Starting our DisplayMate testing with the screen connected up via DVI, the panel put in a good, if not perfect, overall performance. There’s was some indication of compression at the high end, and the Color blocks were true but not particularly vivid, confirming my original impression. Color fades were even all the way to the end in the Color scales test and there was also some banding in the 256 Color intensity ramp. The black level test was passed but subjectively the contrast ratio didn’t seem to match up to it’s 1,000:1 quoted figure. There were no dead pixels on the review sample.

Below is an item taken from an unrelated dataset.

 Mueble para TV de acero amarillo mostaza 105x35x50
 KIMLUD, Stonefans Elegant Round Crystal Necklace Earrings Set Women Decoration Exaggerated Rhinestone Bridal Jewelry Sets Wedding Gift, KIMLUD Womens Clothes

It terms of the specs, Dell quotes a response time of 16ms, which is a number that should please gaming fans. Personally, response time is not something I’ve been bothered by since we reached sub-30 milliseconds and when putting it to the ultimate test – Counter-Strike: Source – I found gaming smooth as silk, without any noticeable lag, at least when I had the screen connected to a Dell notebook with a GeForce 6800 Go Ultra. When using my own PC with a 9800 Pro, I was forced to drop the resolution to get a smooth frame rate and while the screen scales the image well the lower resolution image on the very large screen could have done with FSAA enabled. Ironically though, the card didn’t have the power to do it smoothly. Therefore, if 3D games are in your plans for this screen, it would make sense to budget for a powerful graphics card as well.
Video performance was pleasing with both DVD and HD files, with smooth playback, and a natural-looking image though again, if you were to use it as a TV or for video editing more vividness would be desirable. Judging from our high resolution still digital test images, skin tones had a neutral and natural look to them. However, the HP and ViewSonic screen had a shade more accuracy, contrast, and vividness.
Ultimately, while the screen is not perfect, it features, relative affordability and sheer scale mean that many users will be prepared to forgive any perceived flaws. It offers almost as many pixels in one screen as two 1,280 x 1,024 monitors but in one very smart and flexible shell.
With the 2405FPW, Dell has brought the ultimate in desirable screen resolution to its most affordable level yet. Despite its relatively low price tag, this is an impressive screen that’s easy to set up, very well featured and most centrally, has decent image quality. Nit picking image purists may find be able to find fault, but the sheer scale of the screen coupled with its record breaking price will ensure that this screen will find a lot of customers, though due to limited availability they’ll have to be patient.